- _Task goal_
Would you please repeat, word for word, only the lines from the one holding "Insegna al neon Golf" through the one holding "Laundry Room | Park View Village" in the material below, without the pictures?

- _The input_
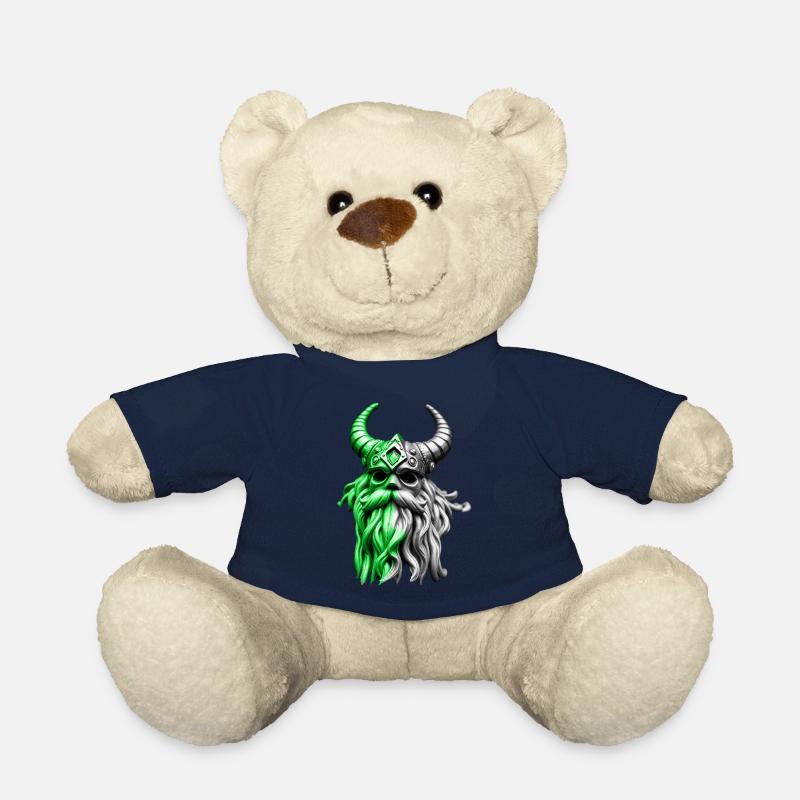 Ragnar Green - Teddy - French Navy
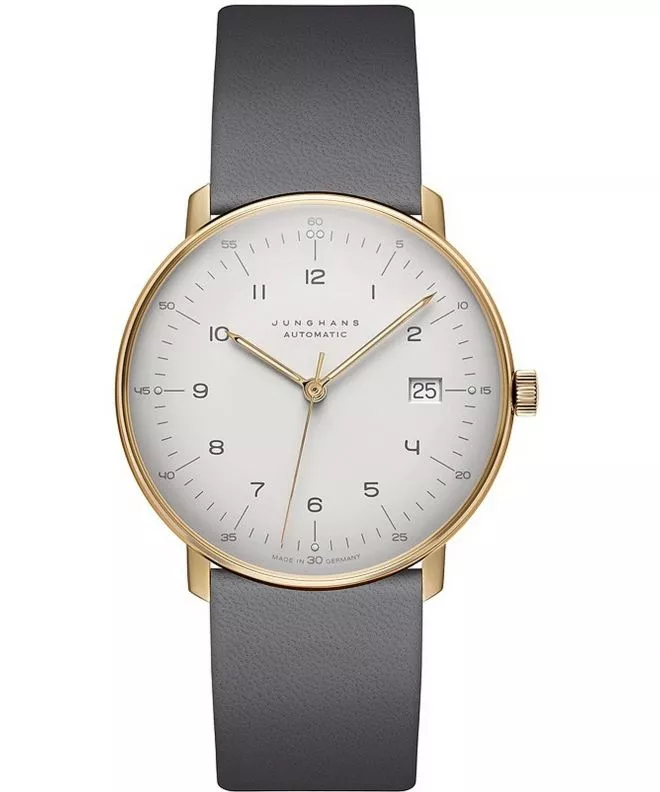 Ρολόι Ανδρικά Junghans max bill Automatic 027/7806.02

--

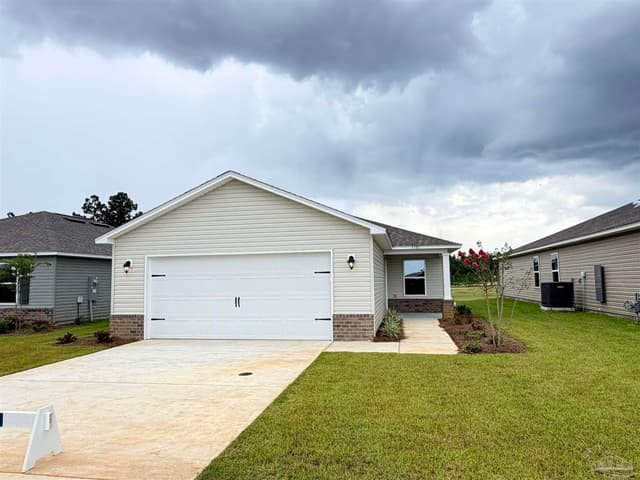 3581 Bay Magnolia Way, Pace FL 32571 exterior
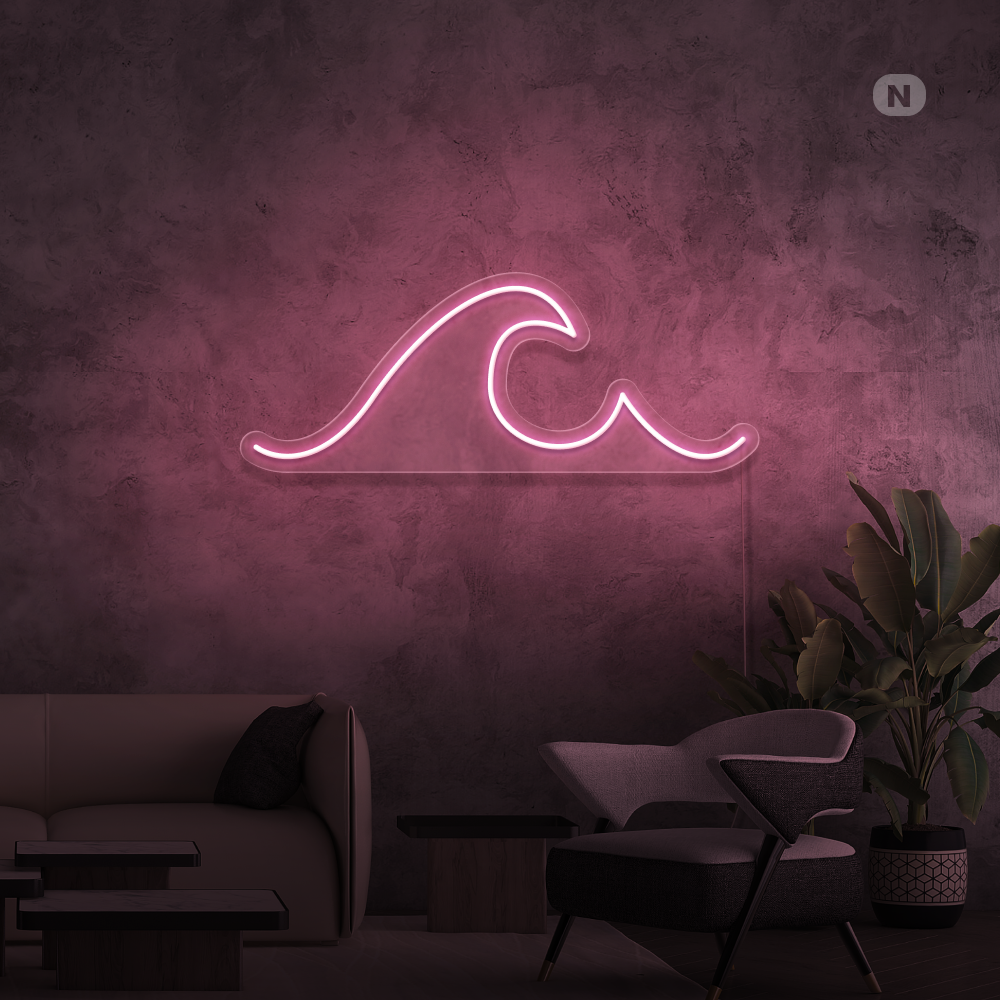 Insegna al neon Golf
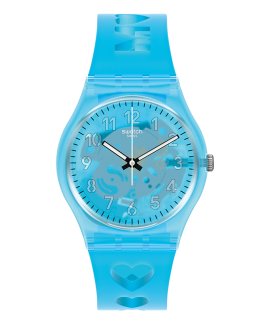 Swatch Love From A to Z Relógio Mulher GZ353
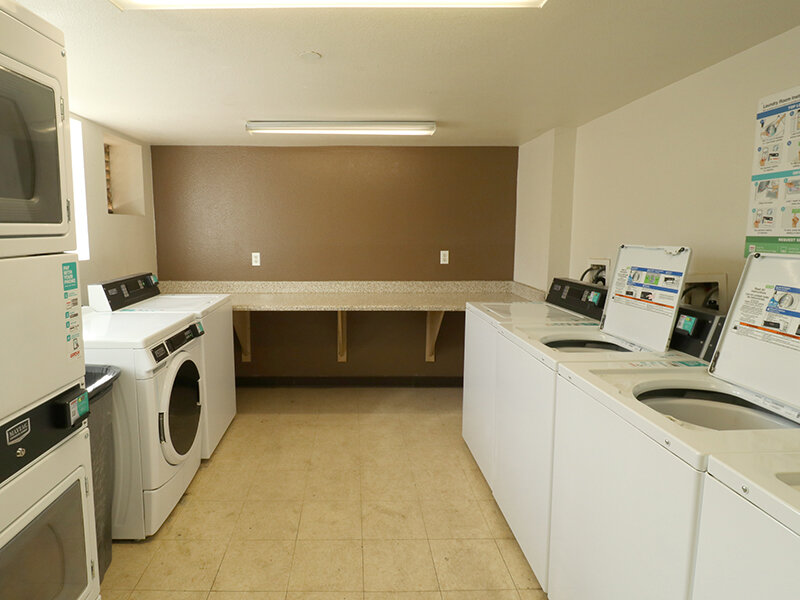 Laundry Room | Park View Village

- _Expected answer_
 Insegna al neon Golf
 Swatch Love From A to Z Relógio Mulher GZ353
 Laundry Room | Park View Village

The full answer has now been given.